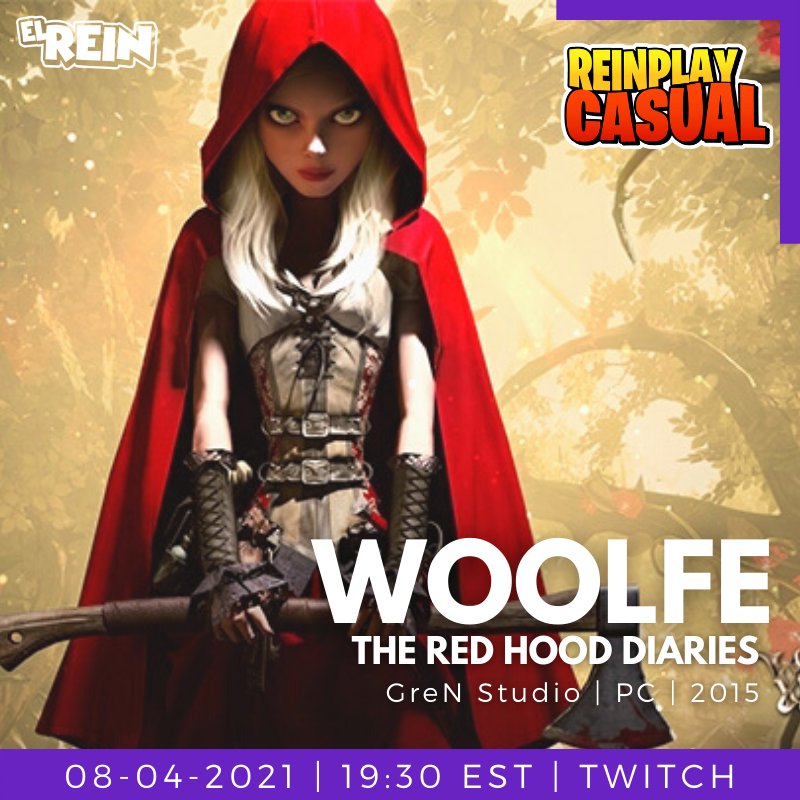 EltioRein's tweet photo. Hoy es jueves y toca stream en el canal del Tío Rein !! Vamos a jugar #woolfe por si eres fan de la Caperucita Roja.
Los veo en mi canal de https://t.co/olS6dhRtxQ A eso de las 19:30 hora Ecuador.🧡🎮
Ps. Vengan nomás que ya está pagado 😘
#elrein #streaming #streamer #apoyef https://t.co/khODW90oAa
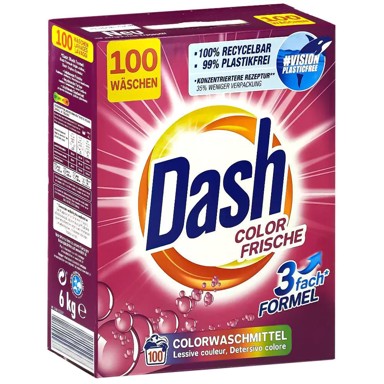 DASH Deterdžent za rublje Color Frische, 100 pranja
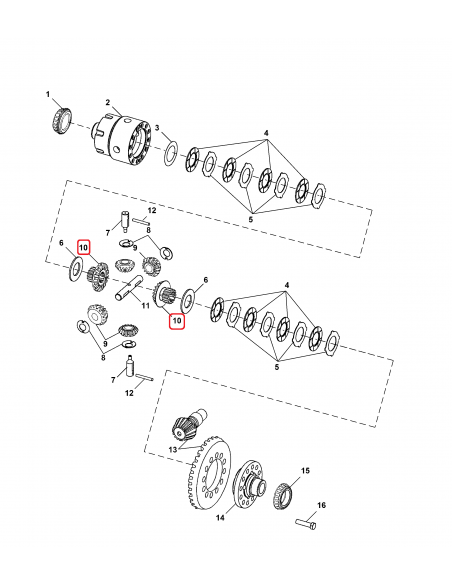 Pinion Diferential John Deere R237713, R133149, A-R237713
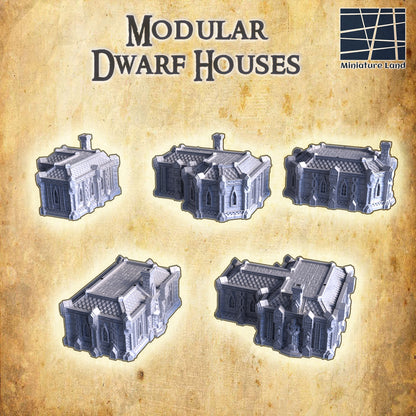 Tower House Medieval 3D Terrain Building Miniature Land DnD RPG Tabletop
★ ★ ★ ★ ★ ★ ★
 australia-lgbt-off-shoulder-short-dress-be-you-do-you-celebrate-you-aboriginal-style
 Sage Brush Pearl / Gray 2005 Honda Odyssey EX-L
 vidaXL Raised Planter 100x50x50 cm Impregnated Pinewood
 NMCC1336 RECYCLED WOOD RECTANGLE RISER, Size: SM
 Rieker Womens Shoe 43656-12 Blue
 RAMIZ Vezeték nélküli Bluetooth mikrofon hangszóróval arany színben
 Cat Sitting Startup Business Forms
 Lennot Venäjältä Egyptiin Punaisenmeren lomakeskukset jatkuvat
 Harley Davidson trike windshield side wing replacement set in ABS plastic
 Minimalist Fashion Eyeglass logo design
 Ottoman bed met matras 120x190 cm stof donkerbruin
★ ★ ★ ★ ★ ★ ★
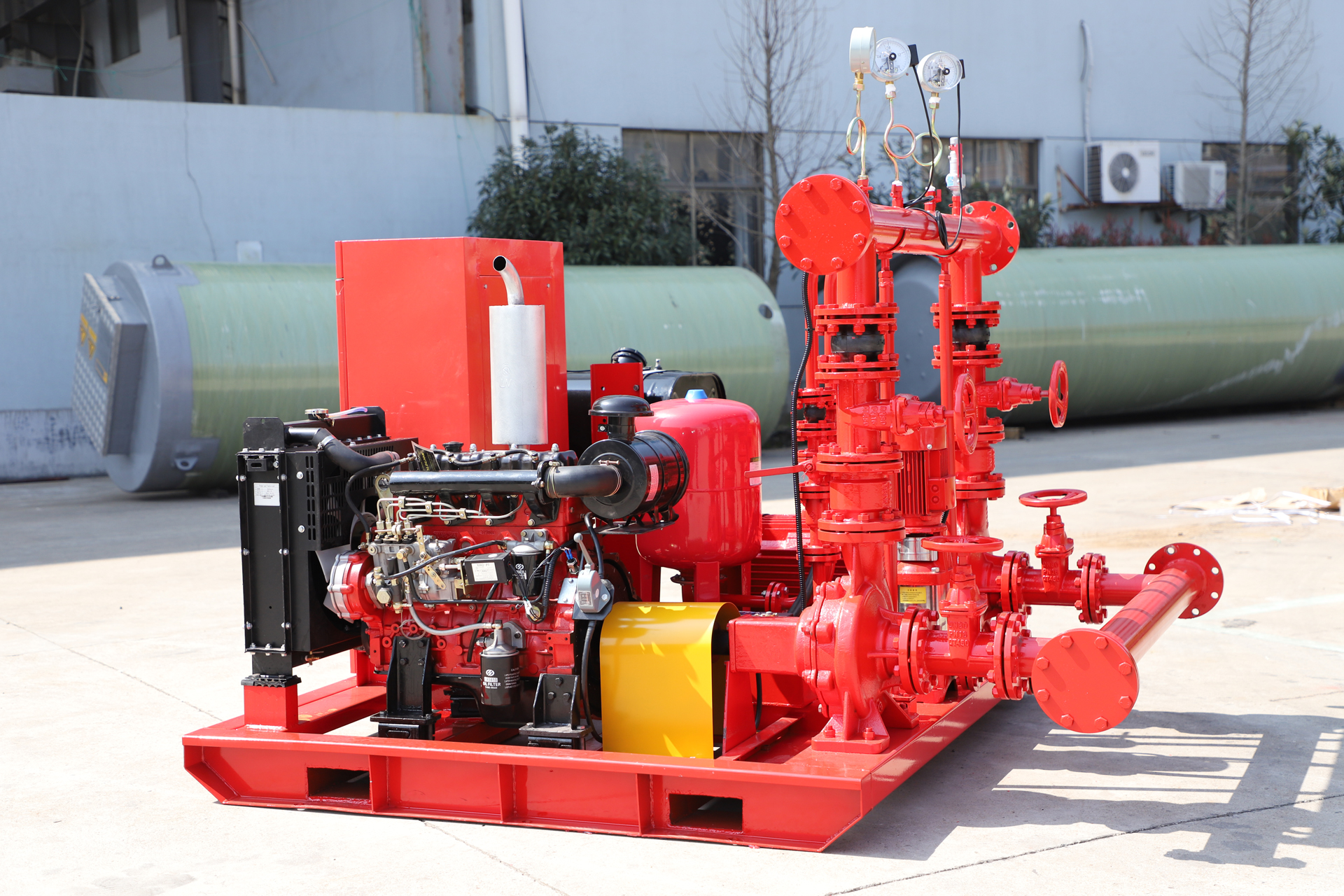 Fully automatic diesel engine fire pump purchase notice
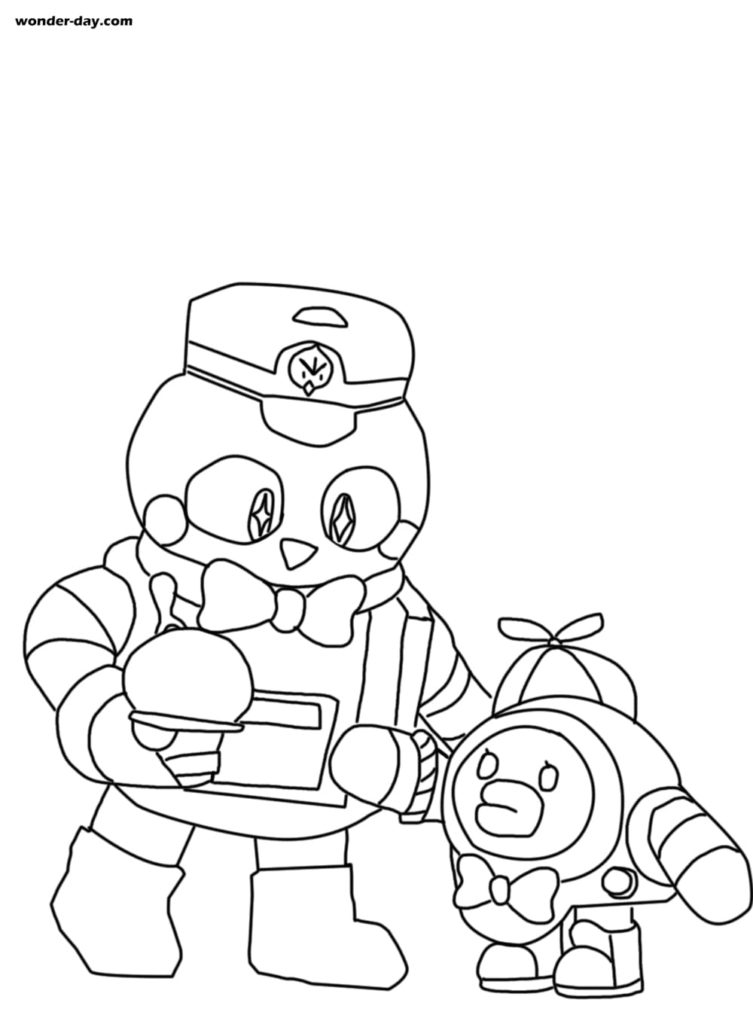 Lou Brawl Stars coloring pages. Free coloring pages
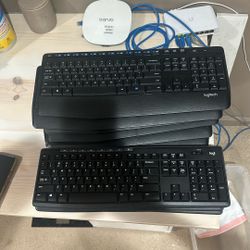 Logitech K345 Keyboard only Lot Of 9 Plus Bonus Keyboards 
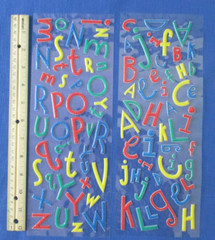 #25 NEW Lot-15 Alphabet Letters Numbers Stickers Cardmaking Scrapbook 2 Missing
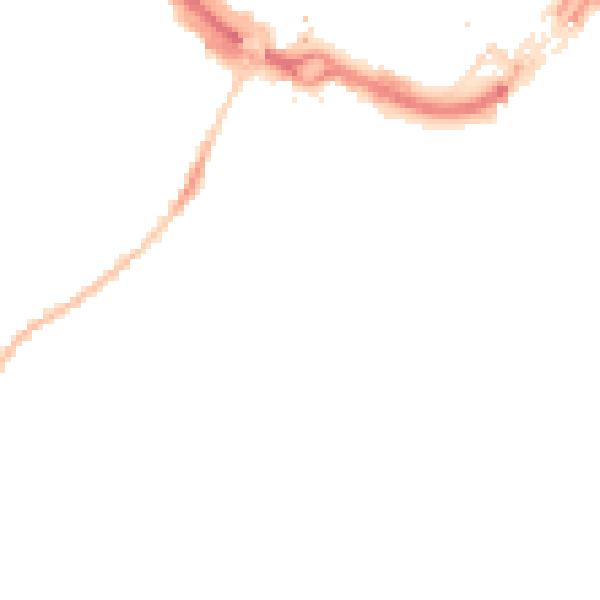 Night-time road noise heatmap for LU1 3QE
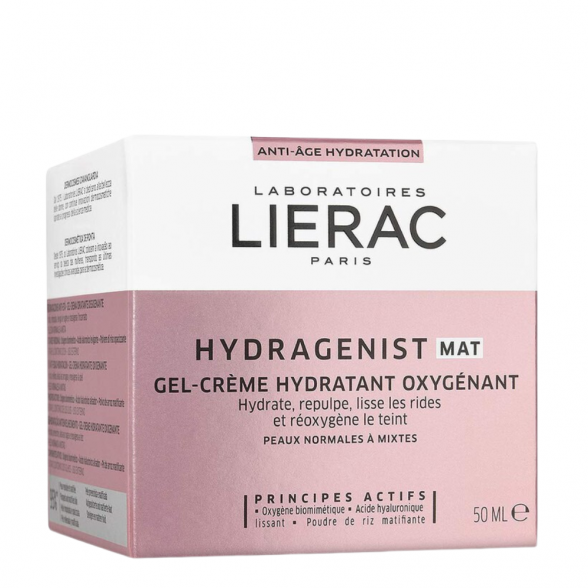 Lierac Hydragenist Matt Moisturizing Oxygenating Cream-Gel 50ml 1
★ ★ ★ ★ ★ ★ ★
Problem statement:
In the listing above, count the lines that contain "https". Give the number and nothing else.

Result:
2